What is an AR Model?

An Auto Regressive Model, or simply an AR-Model, is a statistical model for time series.

The main assumption is that the value in time $t+1$ is a linear combination of the $p$ previous values.

The $p$ parameter is called the order of the model. Hence an auto regressive model of order $p$ can be concisily referred to as an $AR(p)$ model.

Given $\{x_t\}_{t=0}^{n}$ data points the main assumption of an AR($p$) model is expresed through the following equation:

$$ x_{t+1} = \alpha_0x_t + \cdots \alpha_{p-1}x_{t-p-1}. $$

In order to callibrate this model one needs to find the coefficients $alpha_i$, $i=0,\cdots,p-1$ that minimize a given loss function.

How Can It Be Written Using Matrices?

This section is aimed at expressing the same ideas using matrices and vectors. $$ X_t := \big( x_{t+p-1}, x_{t+p-2}, \cdots, x_{t+1}, x_t \big)^T, $$

$$ W_{xy} := (\alpha_0, \alpha_1, \cdots, \alpha_{p-2}, \alpha_{p-1}), $$

$$ Y_t := ( x_{t+p} ). $$ Hence, the same $AR(p)$ model is given by $$ Y_t = W_{xy}X_t. $$

What if a Hidden Unit is Added?

Having in a mind a classic neural network architecture, one could add a hidden unit.

Now instead of having a weight that takes $X_t$ straight up to $Y_t$, one decomposes it into $W_{xh}$ and $W_{hy}$ in such a way that $W_{xy} = W_{hy} W_{xh} $.

The equation then becomes $$ Y_t = W_{xy}X_t = W_{hy} W_{xh} X_t = W_{hy} h_t. $$

Now one can add recurrence between the the hidden units. That is, one can add a term $W_{hh}$ that integrates the value of $h_{t-1}$ into $h_t$: $$ Y_t = W_{hy} h_t = W_{hy} \big( W_{xh} X_t + W_{hh} h_{t-1} \big). $$

What if Activation Functions and Biases are Added?

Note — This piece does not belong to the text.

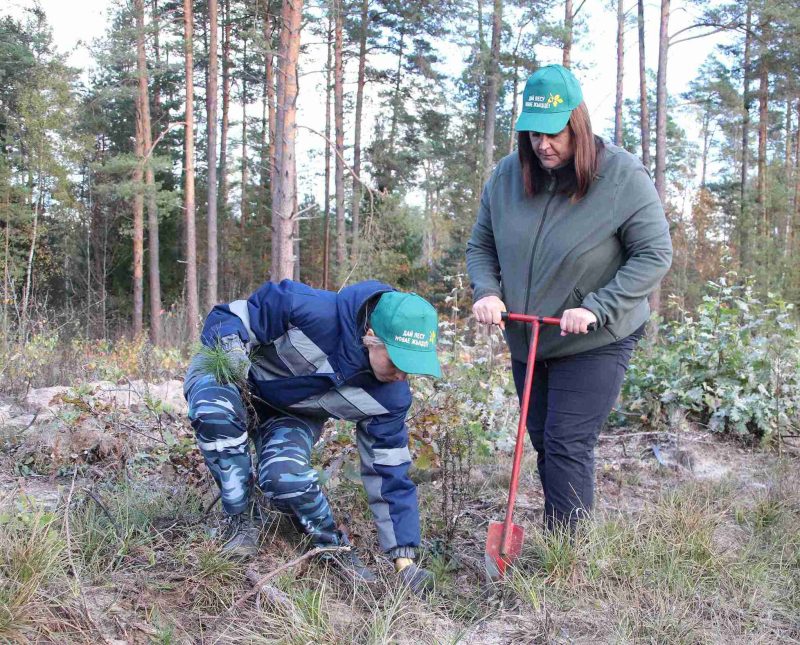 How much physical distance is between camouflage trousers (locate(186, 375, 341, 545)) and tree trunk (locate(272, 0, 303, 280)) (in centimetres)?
572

Finally, one can add activation functions and biases. $$ \begin{split} Y_t &= \sigma_y \big( W_{hy} h_t + b_y \big) \\\ &= \sigma_y \Bigg( W_{hy} \sigma_h \Big( W_{xh} X_t + W_{hh} h_{t-1} + b_h \Big) + b_y \Bigg). \end{split} $$

Now note that $$ \begin{split} Y_t &= \sigma_y\big( W_{hy} h_t + b_y \big), \\\ h_t &= \sigma_h \Big( W_{xh} X_t + W_{hh} h_{t-1} + b_h \Big), \end{split} $$ is precisily the architecture of an Elman Network, introduced by Jeffrey L. Elman in $1990$.